Segment Open
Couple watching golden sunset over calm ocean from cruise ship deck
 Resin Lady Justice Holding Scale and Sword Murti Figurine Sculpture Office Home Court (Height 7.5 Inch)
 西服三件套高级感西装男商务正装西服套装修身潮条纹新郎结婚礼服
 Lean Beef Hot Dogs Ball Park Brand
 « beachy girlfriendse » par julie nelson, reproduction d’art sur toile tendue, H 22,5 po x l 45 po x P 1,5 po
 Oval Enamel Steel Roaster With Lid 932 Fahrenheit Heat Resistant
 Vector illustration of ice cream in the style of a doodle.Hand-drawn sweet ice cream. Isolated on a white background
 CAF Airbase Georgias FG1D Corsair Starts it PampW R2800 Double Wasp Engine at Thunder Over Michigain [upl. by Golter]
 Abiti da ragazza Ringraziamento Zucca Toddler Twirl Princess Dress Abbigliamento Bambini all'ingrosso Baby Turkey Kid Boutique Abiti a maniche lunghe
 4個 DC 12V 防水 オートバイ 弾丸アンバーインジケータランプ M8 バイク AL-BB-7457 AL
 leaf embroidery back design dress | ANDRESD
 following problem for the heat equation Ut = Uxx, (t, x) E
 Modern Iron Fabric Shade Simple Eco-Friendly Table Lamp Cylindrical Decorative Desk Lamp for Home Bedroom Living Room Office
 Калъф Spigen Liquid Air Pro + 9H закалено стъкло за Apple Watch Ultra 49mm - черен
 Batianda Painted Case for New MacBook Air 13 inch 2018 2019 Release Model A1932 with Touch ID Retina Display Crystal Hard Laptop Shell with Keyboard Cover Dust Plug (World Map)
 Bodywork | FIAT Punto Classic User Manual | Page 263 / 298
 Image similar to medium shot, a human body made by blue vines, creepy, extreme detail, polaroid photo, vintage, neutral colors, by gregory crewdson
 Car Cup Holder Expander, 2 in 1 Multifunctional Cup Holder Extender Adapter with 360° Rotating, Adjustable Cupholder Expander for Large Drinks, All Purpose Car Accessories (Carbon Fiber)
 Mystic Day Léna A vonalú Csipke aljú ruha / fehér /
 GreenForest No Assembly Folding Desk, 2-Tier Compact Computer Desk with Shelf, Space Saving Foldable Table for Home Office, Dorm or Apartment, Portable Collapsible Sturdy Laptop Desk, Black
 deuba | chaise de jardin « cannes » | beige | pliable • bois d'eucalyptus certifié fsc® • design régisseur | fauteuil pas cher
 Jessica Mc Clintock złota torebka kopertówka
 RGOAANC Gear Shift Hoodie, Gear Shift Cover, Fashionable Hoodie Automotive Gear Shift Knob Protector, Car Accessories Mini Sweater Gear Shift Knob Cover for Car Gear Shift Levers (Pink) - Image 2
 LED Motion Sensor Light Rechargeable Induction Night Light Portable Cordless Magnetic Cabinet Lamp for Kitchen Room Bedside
Segment Closed
Required work: In the records above, locate the line that contains "GreenForest No Assembly". Repeat it and every line after it, exactly, and nothing else.

Task result:
 GreenForest No Assembly Folding Desk, 2-Tier Compact Computer Desk with Shelf, Space Saving Foldable Table for Home Office, Dorm or Apartment, Portable Collapsible Sturdy Laptop Desk, Black
 deuba | chaise de jardin « cannes » | beige | pliable • bois d'eucalyptus certifié fsc® • design régisseur | fauteuil pas cher
 Jessica Mc Clintock złota torebka kopertówka
 RGOAANC Gear Shift Hoodie, Gear Shift Cover, Fashionable Hoodie Automotive Gear Shift Knob Protector, Car Accessories Mini Sweater Gear Shift Knob Cover for Car Gear Shift Levers (Pink) - Image 2
 LED Motion Sensor Light Rechargeable Induction Night Light Portable Cordless Magnetic Cabinet Lamp for Kitchen Room Bedside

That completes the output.